Buffer overflow in C

ryyst picture ryyst · Jun 2, 2011 · Viewed 10.8k times · Source

I'm attempting to write a simple buffer overflow using C on Mac OS X 10.6 64-bit. Here's the concept:

void function() {
    char buffer[64];
    buffer[offset] += 7;    // i'm not sure how large offset needs to be, or if
                            // 7 is correct.
}

int main() {

    int x = 0;
    function();
    x += 1;
    printf("%d\n", x);      // the idea is to modify the return address so that
                            // the x += 1 expression is not executed and 0 gets
                            // printed

    return 0;
}

Here's part of main's assembler dump:

...
0x0000000100000ebe <main+30>:   callq  0x100000e30 <function>
0x0000000100000ec3 <main+35>:   movl   $0x1,-0x8(%rbp)
0x0000000100000eca <main+42>:   mov    -0x8(%rbp),%esi
0x0000000100000ecd <main+45>:   xor    %al,%al
0x0000000100000ecf <main+47>:   lea    0x56(%rip),%rdi        # 0x100000f2c
0x0000000100000ed6 <main+54>:   callq  0x100000ef4 <dyld_stub_printf>
...

I want to jump over the movl instruction, which would mean I'd need to increment the return address by 42 - 35 = 7 (correct?). Now I need to know where the return address is stored so I can calculate the correct offset.

I have tried searching for the correct value manually, but either 1 gets printed or I get abort trap – is there maybe some kind of buffer overflow protection going on?
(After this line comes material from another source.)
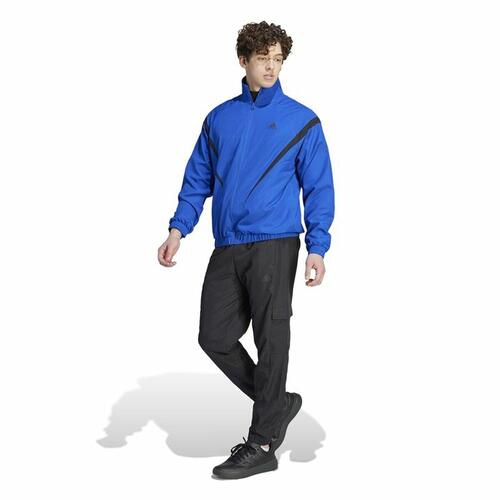 Adidas Woven No Hood Tracksuit til mænd - 2‑delt, str. M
Using an offset of 88 works on my machine. I used Nemo's approach of finding out the return address.

Answer

Ben Jackson picture Ben Jackson · Jun 2, 2011

This 32-bit example illustrates how you can figure it out, see below for 64-bit:

#include <stdio.h>

void function() {
    char buffer[64];
    char *p;
    asm("lea 4(%%ebp),%0" : "=r" (p));  // loads address of return address
    printf("%d\n", p - buffer);         // computes offset
    buffer[p - buffer] += 9;            // 9 from disassembling main
}

int main() {
    volatile int x = 7;
    function();
    x++;
    printf("x = %d\n", x); // prints 7, not 8
}

On my system the offset is 76. That's the 64 bytes of the buffer (remember, the stack grows down, so the start of the buffer is far from the return address) plus whatever other detritus is in between.

Obviously if you are attacking an existing program you can't expect it to compute the answer for you, but I think this illustrates the principle.

(Also, we are lucky that +9 does not carry out into another byte. Otherwise the single byte increment would not set the return address how we expected. This example may break if you get unlucky with the return address within main)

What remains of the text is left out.